# Gingerys Lathe Drawings



## nev (Jun 26, 2011)

I believe there is some CAD Drawing (or simular)for Dave Gingerys Lathe available
Goggle wasn't me friend this time I cannot find them 
Anyone know where I can find them


----------



## Tin Falcon (Jun 27, 2011)

gingerly lathe plans are copy written buy the book $10 from Lindsay publications
http://www.lindsaybks.com/dgjp/djgbk/series/index.html
Tin


----------



## nev (Jun 27, 2011)

Tin Falcon  said:
			
		

> buy the book $10 from Lindsay publications



Ive got the book 
Infact Ive got the complette series

Read the Question



			
				nev  said:
			
		

> CAD Drawings


----------



## Rayanth (Jun 27, 2011)

nev  said:
			
		

> Ive got the book
> Infact Ive got the complette series
> 
> Read the Question



If the CAD drawing were distributed by consent of the author, then the author should have a link to it.

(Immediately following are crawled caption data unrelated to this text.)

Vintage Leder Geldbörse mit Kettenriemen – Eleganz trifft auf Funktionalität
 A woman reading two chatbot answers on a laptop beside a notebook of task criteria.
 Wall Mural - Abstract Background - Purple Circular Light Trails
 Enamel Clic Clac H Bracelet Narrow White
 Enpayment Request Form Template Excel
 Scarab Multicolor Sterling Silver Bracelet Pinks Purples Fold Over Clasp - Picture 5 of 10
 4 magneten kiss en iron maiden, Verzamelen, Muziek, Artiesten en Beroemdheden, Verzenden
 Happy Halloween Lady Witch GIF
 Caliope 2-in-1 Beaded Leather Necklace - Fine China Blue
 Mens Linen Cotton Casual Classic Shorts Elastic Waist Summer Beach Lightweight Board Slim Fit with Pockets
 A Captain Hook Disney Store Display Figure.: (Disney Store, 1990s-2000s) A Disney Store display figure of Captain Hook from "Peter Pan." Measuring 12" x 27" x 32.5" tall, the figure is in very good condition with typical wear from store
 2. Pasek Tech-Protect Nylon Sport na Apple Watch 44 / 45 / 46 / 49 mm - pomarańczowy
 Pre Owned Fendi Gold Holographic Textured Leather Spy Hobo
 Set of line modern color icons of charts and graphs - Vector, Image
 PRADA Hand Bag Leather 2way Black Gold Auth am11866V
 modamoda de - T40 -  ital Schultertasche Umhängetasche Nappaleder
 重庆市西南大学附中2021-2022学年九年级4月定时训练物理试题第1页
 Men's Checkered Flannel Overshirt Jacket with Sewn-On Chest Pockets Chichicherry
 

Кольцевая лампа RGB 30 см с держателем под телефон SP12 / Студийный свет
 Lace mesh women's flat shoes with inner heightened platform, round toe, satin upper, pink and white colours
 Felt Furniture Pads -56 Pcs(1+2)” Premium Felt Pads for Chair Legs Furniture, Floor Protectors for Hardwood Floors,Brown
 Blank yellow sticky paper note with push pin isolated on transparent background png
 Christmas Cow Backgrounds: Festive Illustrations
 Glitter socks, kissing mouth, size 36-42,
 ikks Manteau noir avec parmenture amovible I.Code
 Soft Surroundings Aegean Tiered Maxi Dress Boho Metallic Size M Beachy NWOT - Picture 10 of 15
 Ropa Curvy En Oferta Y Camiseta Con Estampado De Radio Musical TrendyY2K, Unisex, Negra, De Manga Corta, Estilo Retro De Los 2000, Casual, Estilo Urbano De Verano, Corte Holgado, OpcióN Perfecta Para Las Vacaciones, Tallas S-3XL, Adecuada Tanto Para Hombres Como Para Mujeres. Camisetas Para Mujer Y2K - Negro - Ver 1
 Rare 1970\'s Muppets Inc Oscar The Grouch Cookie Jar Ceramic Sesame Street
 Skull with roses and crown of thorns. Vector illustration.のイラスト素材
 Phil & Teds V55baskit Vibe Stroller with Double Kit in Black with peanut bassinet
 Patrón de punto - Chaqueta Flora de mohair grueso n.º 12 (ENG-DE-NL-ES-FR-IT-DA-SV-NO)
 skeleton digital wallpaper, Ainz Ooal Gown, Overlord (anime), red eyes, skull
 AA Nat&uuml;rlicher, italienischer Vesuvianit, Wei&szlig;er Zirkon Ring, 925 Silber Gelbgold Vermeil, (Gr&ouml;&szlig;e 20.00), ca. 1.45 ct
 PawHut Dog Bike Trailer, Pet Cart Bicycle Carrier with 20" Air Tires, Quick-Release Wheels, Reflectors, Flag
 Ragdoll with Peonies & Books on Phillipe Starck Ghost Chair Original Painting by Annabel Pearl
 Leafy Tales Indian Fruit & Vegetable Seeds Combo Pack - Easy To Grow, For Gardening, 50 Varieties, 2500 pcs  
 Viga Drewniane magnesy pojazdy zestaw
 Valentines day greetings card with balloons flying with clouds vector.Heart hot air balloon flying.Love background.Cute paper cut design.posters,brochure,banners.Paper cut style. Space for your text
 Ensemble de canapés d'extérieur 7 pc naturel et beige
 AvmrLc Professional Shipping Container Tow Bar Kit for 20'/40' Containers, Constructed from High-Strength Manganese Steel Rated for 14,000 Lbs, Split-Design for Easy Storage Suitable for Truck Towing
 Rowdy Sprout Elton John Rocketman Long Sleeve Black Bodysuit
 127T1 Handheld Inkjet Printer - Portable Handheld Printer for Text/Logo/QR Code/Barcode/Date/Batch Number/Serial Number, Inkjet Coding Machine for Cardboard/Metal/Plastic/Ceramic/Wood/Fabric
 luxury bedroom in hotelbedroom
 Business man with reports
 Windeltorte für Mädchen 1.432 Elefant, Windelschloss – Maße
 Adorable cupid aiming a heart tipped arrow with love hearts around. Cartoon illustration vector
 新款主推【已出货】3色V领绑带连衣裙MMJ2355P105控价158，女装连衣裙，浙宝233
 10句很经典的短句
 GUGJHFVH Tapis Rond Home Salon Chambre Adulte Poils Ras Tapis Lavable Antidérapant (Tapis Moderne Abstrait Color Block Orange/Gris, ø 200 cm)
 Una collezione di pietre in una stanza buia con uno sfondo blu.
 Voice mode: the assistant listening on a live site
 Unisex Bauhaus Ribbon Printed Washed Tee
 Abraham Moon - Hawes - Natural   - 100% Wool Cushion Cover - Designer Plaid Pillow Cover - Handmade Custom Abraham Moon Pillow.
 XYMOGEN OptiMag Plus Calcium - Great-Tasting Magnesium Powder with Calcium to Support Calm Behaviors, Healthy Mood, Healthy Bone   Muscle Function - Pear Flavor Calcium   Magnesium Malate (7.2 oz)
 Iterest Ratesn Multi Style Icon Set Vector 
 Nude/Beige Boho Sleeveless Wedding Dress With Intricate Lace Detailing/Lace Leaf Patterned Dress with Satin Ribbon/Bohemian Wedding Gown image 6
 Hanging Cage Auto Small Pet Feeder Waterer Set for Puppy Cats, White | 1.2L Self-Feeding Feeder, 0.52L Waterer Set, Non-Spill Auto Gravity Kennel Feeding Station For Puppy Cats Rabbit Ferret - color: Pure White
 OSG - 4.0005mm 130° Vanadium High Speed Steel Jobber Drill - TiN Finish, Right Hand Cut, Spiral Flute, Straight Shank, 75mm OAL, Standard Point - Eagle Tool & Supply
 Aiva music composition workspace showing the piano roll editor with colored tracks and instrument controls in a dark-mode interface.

If it were distributed without consent of the author, it would be a copyright violation.

- Ryan


----------



## willburrrr2003 (Jun 28, 2011)

There are no legal CAD drawings for Dave's wonderful projects. The book is well written, well illustrated, and easy to follow.  If you have the book, you should be good to go friend. I was halfway through the Ginery lathe when I lucked into my 7x12 mini-lathe.  I will get back to is soon and get it finished, just have to find the rest of my parts for it in the garage.

Regards,

   Will R.


----------